The premise of the above post is not that AI companies are going to try to weaponize "human thought steering" against AI safety. The premise of the above post is that AI companies are going to develop technology that can be used to manipulate people's affinities and politics, Intel agencies will pilfer it or ask for it, and then it's going to be weaponized, to a degree of much greater effectiveness than they have been able to afford historically. I'm ambivalent about the included story in particular being carried out, but if you care about anything (such as AI safety), it's probably necessary that you keep your utilityfunction intact.

I already live in a world that feels to me qualitatively more insane and inadequate than it was even a mere 15 years ago. There could be selection effects of course, such as the fact that a more interconnected world with a greater and faster distribution of information would allow for a higher percentage of misdeeds and bad events to be reported on than in the past even if the "real" quantity had remained unchanged, but even correcting for those, I attribute a substantial part (in fact, a majority) of the negative change to technological improvements that have allowed people to be more connected with one another and to consume more and more maldaptive memes generated by misaligned processes (through social media and software and the Internet more broadly).
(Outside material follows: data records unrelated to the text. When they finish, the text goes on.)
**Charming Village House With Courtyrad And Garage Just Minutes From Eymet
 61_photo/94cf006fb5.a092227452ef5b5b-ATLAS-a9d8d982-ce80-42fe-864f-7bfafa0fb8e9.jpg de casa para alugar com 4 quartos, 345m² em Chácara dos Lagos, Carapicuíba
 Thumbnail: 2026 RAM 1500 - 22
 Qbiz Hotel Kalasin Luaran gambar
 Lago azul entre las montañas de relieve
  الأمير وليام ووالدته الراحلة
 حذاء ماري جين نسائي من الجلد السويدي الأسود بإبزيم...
I find it rather unlikely that the continued rise of LLMs will reverse this trend; instead, I expect it to only become more and more amplified and accelerated, as sheer lunacy expands to cover more and more public discourse (as an illustration, consider the familiar example of e-acc's, a phenomenon that would have been mostly inconceivable even just a decade ago). So when you say the following:

So our main job now is to empower future common-sense decision-making.

And:

[these proposals] are robust to the inevitable scramble for power that will follow those “holy shit” movements

I realize that I am not at all optimistic about the continued prevalence and stability of "common-sense" as time goes by, particularly in the context of politicized discourse in which reasonable equilibria about decision-making were already getting more and more fragile even before LLMs came around the corner, ready to light the powder keg on fire...

I basically agree with this comment, and the basic reason I am much more pessimistic on sane AI governance than a lot of LWers is precisely because I expect LLMs to be more persuasive than humans, and there's very strong evidence for it.

Here's an RCT and pre-registered study on this topic, and while I find the sample numbers a little low (I'd like it to be more in the realm of 1000-2000 randomly selected people), this is the only type of study that can ensure that the effects are casual without relying much on your priors, so the fact that they show large persuasion from LLMs is really strong evidence for the belief that AI systems are better than humans at persuading people when given access to personal data and interaction.

https://arxiv.org/abs/2403.14380

More generally, it provides evidence for Sam Altman's thesis that super-persuasive AI will come long before AI that's good in every other field.